There will be people that strongly disagree with this article. There will be others that share the sense of epiphany I experienced formulating the outline, and probably more than a few who will have come to the same conclusion before this article was written.

For everyone else, I ask that you look at your own enterprise and decide for yourself if the architectural decisions that drive your IT solution are based on corporate culture more than the best way of providing business value.

The most commonly stated reasons to migrate

Skim the thousands of recent articles and community postings about enterprises adopting a new architecture or process (Microservices and DevOps are the buzzwords at the time of this writing, and I expect those will change several times before this article is no longer relevant) and the driver behind the move will generally translate with ease to one of the following:

  • Improved operational efficiency
  • Higher reliability
  • Faster time to market
  • Better support of business needs (arguably redundant to the first three items)
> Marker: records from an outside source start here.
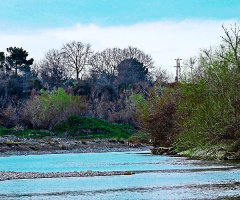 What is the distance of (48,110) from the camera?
76562 mm

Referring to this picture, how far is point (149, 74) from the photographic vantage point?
394ft

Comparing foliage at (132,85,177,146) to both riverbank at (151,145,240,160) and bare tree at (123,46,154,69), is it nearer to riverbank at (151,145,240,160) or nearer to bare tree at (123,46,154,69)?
riverbank at (151,145,240,160)

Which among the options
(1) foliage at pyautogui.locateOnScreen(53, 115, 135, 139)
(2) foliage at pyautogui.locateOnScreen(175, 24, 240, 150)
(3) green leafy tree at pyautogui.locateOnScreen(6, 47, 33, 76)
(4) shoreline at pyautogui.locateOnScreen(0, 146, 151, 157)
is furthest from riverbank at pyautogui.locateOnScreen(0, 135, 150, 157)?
(3) green leafy tree at pyautogui.locateOnScreen(6, 47, 33, 76)

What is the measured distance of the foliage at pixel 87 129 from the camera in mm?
71938

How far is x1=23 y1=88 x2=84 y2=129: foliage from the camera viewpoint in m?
74.8

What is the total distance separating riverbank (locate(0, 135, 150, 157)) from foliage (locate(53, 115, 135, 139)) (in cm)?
305

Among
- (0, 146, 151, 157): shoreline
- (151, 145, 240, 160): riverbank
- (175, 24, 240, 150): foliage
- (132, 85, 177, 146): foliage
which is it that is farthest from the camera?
(0, 146, 151, 157): shoreline

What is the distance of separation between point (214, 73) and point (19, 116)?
52073 mm

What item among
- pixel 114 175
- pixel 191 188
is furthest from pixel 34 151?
pixel 191 188

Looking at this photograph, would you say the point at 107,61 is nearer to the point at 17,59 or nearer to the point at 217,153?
the point at 17,59

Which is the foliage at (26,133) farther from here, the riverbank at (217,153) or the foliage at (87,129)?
the riverbank at (217,153)

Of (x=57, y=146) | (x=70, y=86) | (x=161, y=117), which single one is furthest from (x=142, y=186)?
(x=70, y=86)

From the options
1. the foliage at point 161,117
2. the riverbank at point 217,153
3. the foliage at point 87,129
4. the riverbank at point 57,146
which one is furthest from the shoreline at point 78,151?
the riverbank at point 217,153

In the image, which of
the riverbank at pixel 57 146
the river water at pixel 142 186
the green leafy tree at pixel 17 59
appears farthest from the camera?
the green leafy tree at pixel 17 59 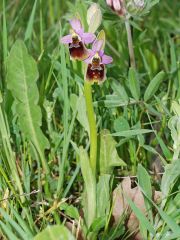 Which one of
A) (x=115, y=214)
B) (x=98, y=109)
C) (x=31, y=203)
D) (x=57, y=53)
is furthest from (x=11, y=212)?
(x=57, y=53)

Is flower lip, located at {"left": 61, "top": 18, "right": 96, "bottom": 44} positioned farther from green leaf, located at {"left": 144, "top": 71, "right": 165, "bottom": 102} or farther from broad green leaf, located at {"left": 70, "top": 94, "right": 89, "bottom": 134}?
green leaf, located at {"left": 144, "top": 71, "right": 165, "bottom": 102}

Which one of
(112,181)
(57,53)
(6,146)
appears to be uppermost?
(57,53)

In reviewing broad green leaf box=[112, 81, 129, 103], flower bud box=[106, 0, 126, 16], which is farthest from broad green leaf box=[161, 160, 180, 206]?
flower bud box=[106, 0, 126, 16]

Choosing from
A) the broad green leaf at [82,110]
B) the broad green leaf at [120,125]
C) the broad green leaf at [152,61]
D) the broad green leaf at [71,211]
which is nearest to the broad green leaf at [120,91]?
the broad green leaf at [120,125]

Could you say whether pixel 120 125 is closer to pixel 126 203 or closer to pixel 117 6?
pixel 126 203

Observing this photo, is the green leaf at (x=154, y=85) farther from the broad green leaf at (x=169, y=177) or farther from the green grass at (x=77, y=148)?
the broad green leaf at (x=169, y=177)

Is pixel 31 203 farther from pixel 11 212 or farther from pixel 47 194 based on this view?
pixel 11 212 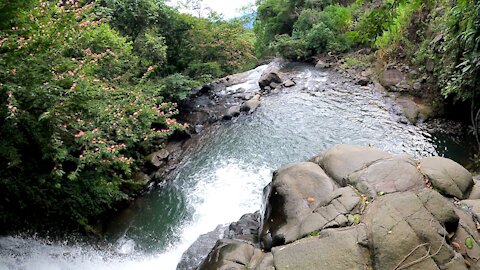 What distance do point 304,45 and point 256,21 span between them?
1015 cm

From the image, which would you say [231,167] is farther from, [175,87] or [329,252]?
[329,252]

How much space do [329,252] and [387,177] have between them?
1.62m

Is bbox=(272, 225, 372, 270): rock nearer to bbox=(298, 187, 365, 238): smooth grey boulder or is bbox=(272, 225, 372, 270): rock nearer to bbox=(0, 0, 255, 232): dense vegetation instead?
bbox=(298, 187, 365, 238): smooth grey boulder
All of those are excellent reasons to change how things are done.  Moving from the current way of doing things to the new way of doing things will definitely yield those benefits in many (though assuredly not all) enterprises. I’ve been in this industry for over 25 years and here are some of the shifts that I have seen made for the exact same reasons:

  • Single tier to two tier architecture
  • Two tier to n-tier architecture
  • Fat client to thin client
  • Single server to redundant services
  • Redundant services to remote procedure calls (RPC)
  • RPC to Web Services
  • Thin client to app

Yes, Virginia, there are exceptions to every rule and observation

Every one of the above-mentioned shifts resulted in some level of success. And, except for the last (which I include because irony fascinates me) reflects a cultural shift towards distribution of overall responsibility, isolation of specific responsibility and increased specialization. I can already hear the exclamations of “There is an increase in demand for full-stack developers, which refutes this observation”.  I agree that more companies are looking for and hiring full-stack developers.  I have observed, with some delightful exceptions, that once the person is hired they are pushed in to some type of specialization within a couple of years (often less).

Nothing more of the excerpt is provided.